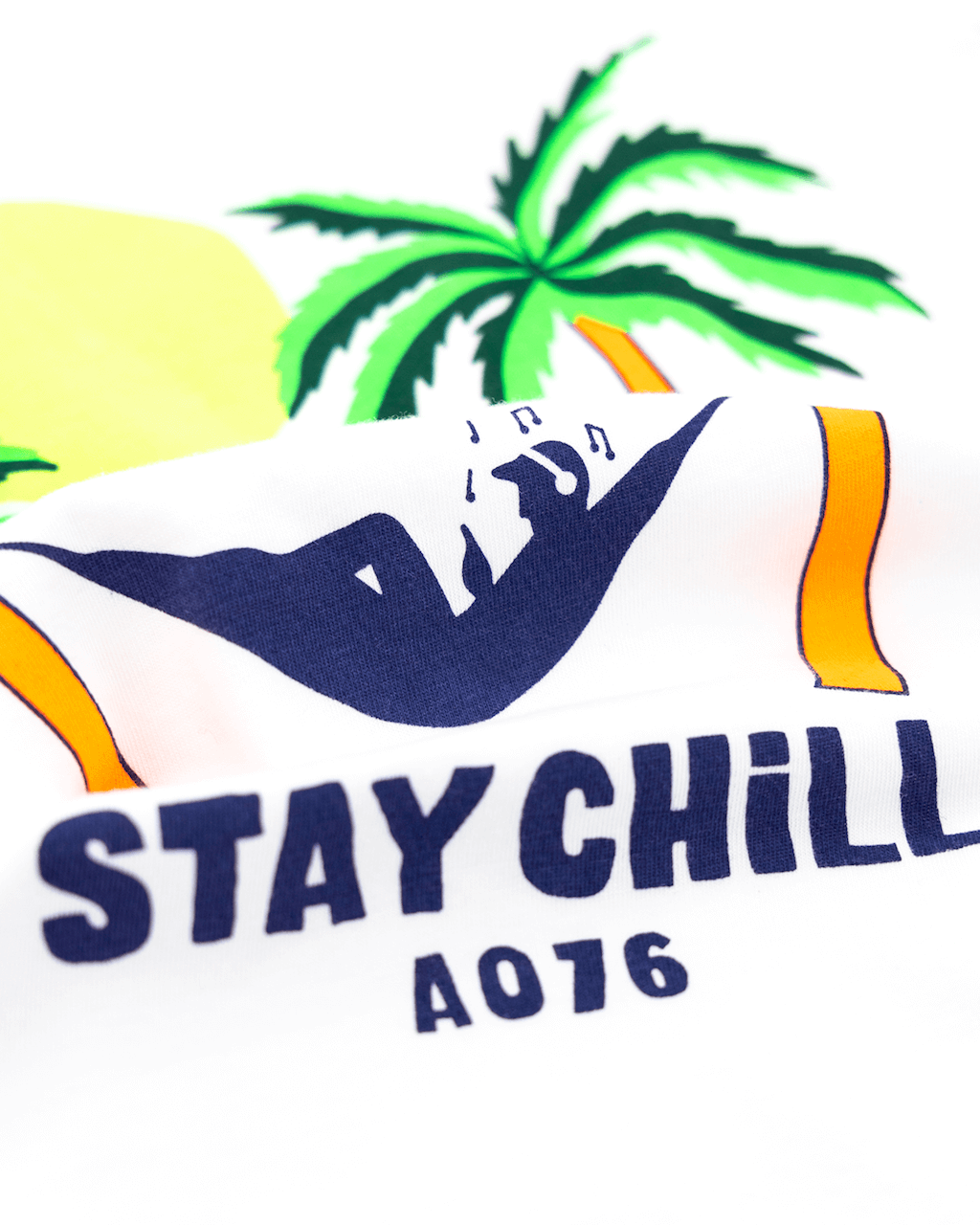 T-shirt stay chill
...
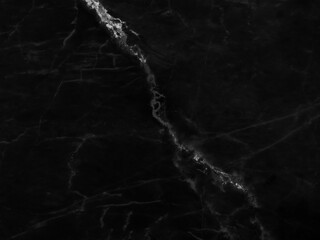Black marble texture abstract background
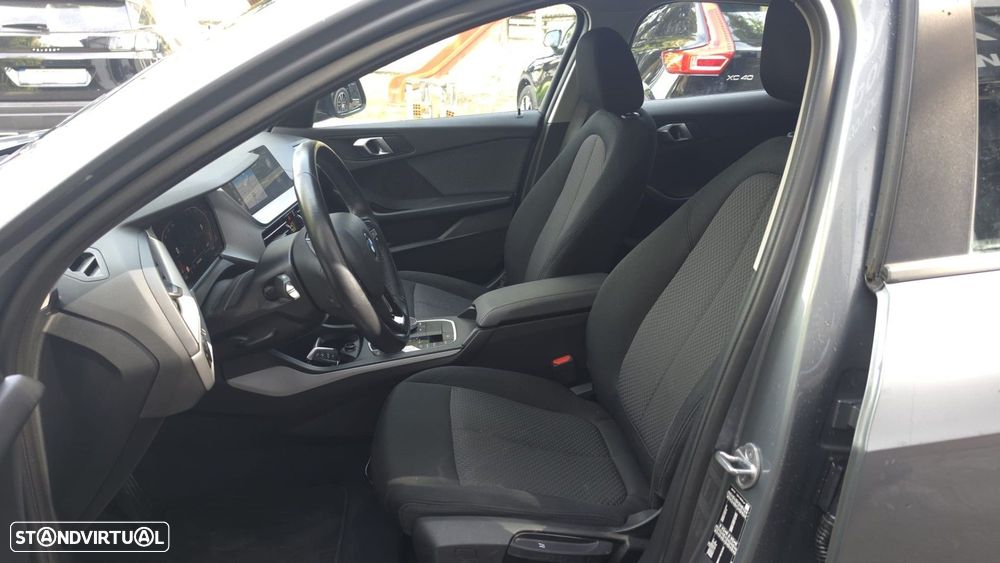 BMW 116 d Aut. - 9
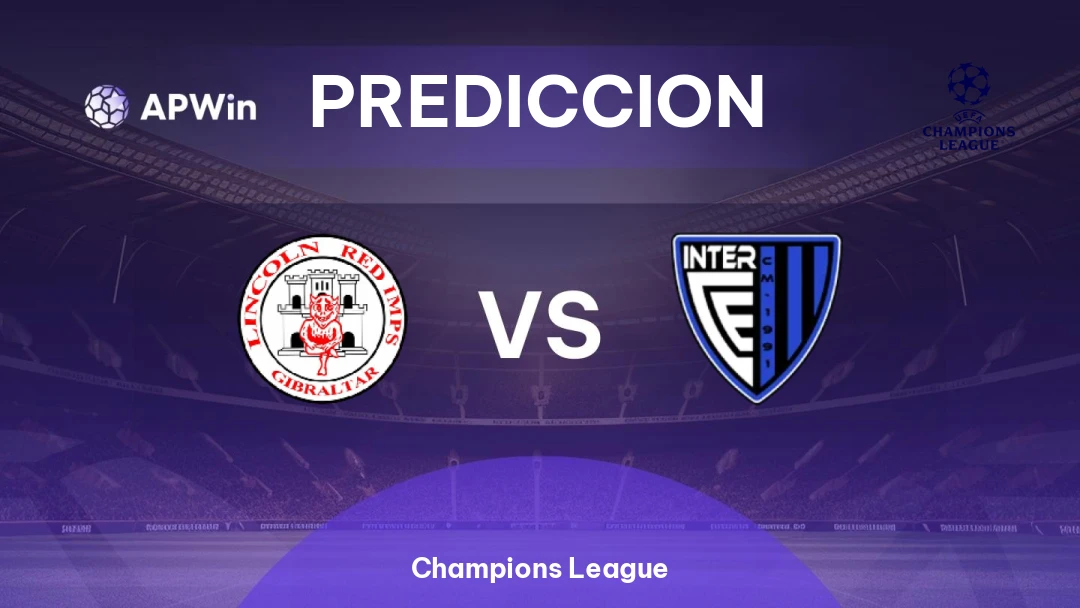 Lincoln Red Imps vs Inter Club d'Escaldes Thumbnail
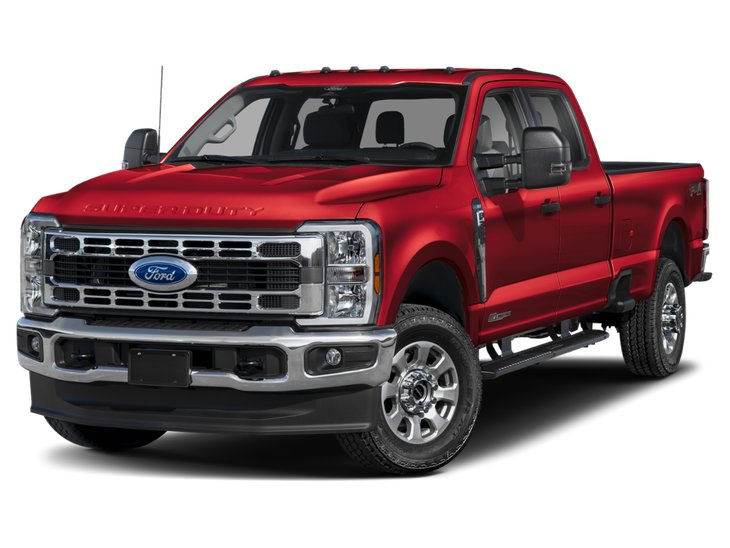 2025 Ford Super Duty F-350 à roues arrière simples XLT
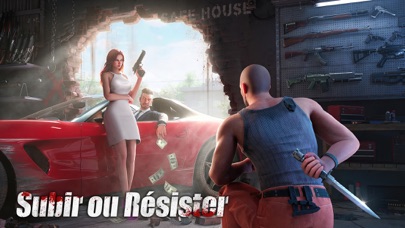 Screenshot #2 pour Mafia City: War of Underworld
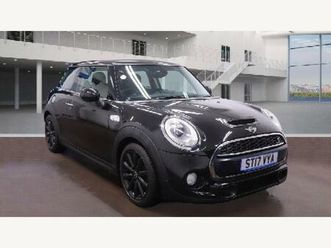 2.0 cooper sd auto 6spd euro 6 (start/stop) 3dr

» **TASK**
Above are some entries; copy exactly the lines from the line with "Black marble texture abstract background" through the line with "2.0 cooper sd", both included, but none of the pictures.

» **REPLY**
Black marble texture abstract background
 BMW 116 d Aut. - 9
 Lincoln Red Imps vs Inter Club d'Escaldes Thumbnail
 2025 Ford Super Duty F-350 à roues arrière simples XLT
 Screenshot #2 pour Mafia City: War of Underworld
 2.0 cooper sd auto 6spd euro 6 (start/stop) 3dr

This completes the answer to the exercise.